La CNDS contre le droit, suite de l'épisode
mardi XXIX avril MMVIIIDans un article évoquant les déboires de la Commission Nationale de Déontologie de la Sécurité sur bakchich.info, on peut lire le paragraphe suivant : « Autre gros point d'inquiétude, et non des moindres : les pressions exercées par les policiers incriminés qui portent plainte pour "dénonciation calomnieuse" contre les plaignants. Tout est parti d'une saisine reçue en 2006, où un témoin présent à l'aéroport de Toulouse avait dénoncé le comportement de fonctionnaires de police frappant à terre un homme menotté au cours d'une expulsion. Ce témoin avait ensuite été l'objet d'une plainte pour "dénonciation calomnieuse", le procureur de la République ayant classé la procédure, après une réparation sous forme d'excuses et d'un dédommagement de cent euros pour chaque policier, sans prendre l'avis de la CNDS. Qui n'a pas tardé à alerter le ministère de la Justice, le 9 octobre dernier.
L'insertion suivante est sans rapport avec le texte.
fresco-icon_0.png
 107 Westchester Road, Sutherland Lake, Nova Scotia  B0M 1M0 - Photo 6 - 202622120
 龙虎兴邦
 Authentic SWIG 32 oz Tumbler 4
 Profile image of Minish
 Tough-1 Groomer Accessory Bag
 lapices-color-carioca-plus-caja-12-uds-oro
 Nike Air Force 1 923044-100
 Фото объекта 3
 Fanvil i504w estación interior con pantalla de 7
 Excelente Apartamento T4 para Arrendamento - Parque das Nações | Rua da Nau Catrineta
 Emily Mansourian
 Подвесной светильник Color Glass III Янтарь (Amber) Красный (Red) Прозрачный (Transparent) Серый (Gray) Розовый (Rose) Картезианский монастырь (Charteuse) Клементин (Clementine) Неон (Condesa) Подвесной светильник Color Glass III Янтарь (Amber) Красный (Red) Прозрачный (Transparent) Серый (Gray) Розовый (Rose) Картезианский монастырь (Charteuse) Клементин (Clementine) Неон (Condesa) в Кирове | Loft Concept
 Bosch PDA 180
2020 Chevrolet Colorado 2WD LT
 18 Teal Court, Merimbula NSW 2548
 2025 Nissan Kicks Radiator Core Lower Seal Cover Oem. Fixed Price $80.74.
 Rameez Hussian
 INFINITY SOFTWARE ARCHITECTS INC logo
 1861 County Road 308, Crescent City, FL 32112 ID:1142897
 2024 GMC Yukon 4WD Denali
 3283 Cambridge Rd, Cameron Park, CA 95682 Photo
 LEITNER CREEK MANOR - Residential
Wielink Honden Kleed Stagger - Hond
Toujours sans réponse. Pour la Commission, "c'est notre plus grosse inquiétude. C'est la négation de notre action." Isabelle Denise renchérit : "Cet outil juridique est utilisé pour dissuader les citoyens de saisir la CNDS." » (lien).
Tout d'abord, à moins qu'il y ait eu une révolution silencieuse en France, signalons que le procureur de la République représente le ministère public. C'est à dire qu'il représente la société dans une procédure pénale. C'est un magistrat qui ne juge pas, il demande dans ses réquisitions aux juges du siège de condamner ou de relaxer.
Donc, s'il y a eu condamnation pour dénonciation calomnieuse, c'est qu'un tribunal correctionnel a estimé l'infraction caractérisée - et non pas uniquement le procureur de la République. Et s'il y a eu médiation pénale en alternative aux poursuites, c'est que l'auteur des faits a reconnu les faits.
C'est une décision de justice qu'Isabelle Denise (« responsable du service justice et police à la Ligue des droits de l'homme ») conteste.
Pire, l'idée même que le procureur de la République ainsi que le tribunal correctionnel se devraient de solliciter l'avis d'une quelconque commission semble tout à fait cadrer avec ce qu'évoque l'article 434-25 du Code pénal - patent si la CNDS s'associe aux déclarations d'Isabelle Denise.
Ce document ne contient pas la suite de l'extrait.